- Opening Delimiter -

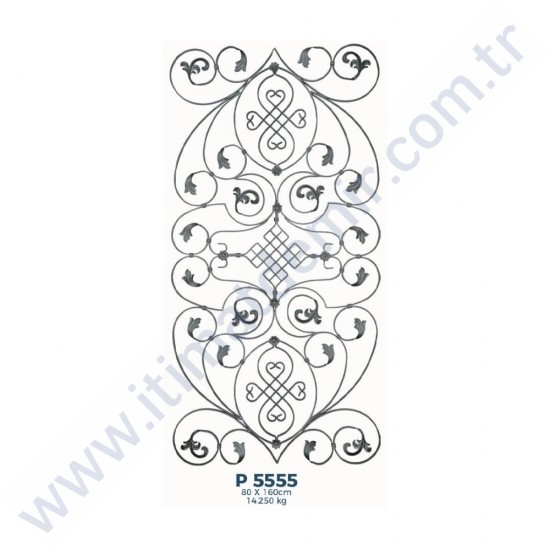 P5555 Ferforje Dekoratif Panel Motif 160x80cm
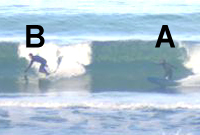 dropping in from the left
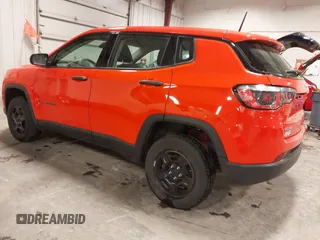 2018 Jeep Compass Sport z VIN 3C4NJDAB3JT402254, wystawiony jako IAAI lot #41830273 z przebiegiem 73 274 mil mil oraz . Historia ofert i sprzedaży dostępna na DreamBid. Obrazek 3.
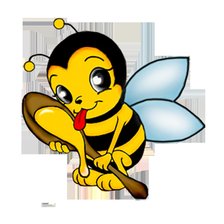 Оригинал схемы вышивки «пчелка» (№1463489)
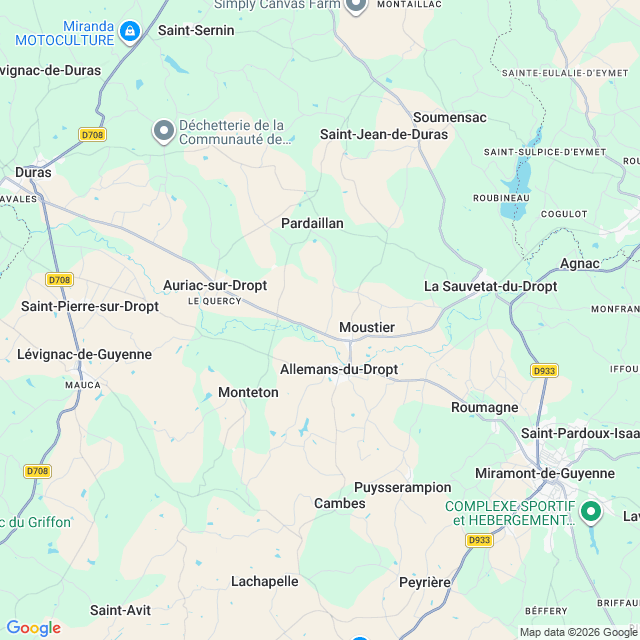 Approximate location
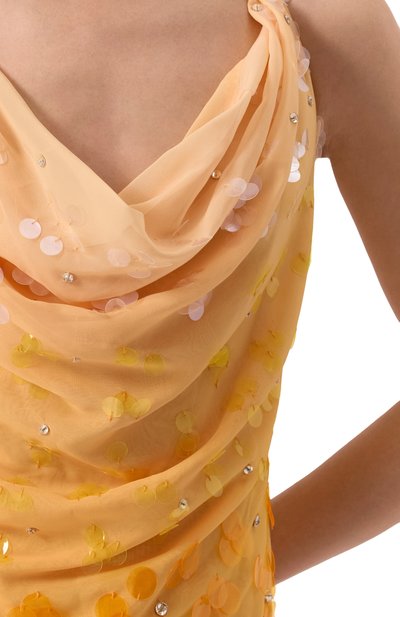 Платье с отделкой пайетками PINKO, арт. 104988/A2I2, фото 5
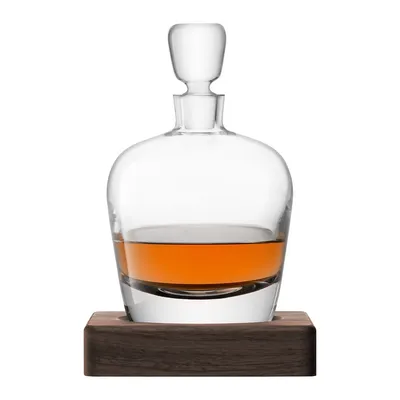 Whisky Arran Decanter and Walnut Base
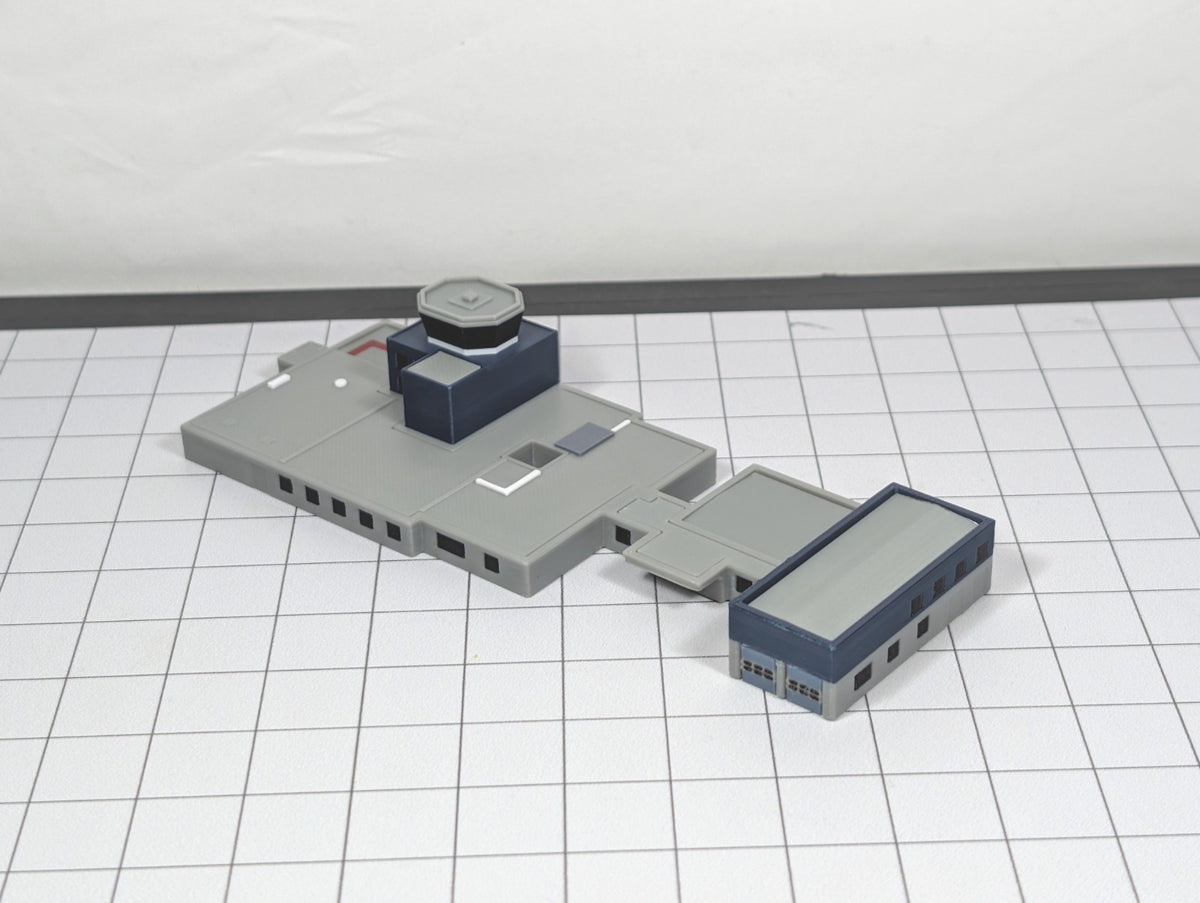 Glasgow Airport ATC Air Traffic Control Tower 1:500 Scale Building Model Scenery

- Closing Delimiter -

Problem statement: Restate the whole listing exactly as written, minus the pictures.

Written reply:
 P5555 Ferforje Dekoratif Panel Motif 160x80cm
 dropping in from the left
 2018 Jeep Compass Sport z VIN 3C4NJDAB3JT402254, wystawiony jako IAAI lot #41830273 z przebiegiem 73 274 mil mil oraz . Historia ofert i sprzedaży dostępna na DreamBid. Obrazek 3.
 Оригинал схемы вышивки «пчелка» (№1463489)
 Approximate location
 Платье с отделкой пайетками PINKO, арт. 104988/A2I2, фото 5
 Whisky Arran Decanter and Walnut Base
 Glasgow Airport ATC Air Traffic Control Tower 1:500 Scale Building Model Scenery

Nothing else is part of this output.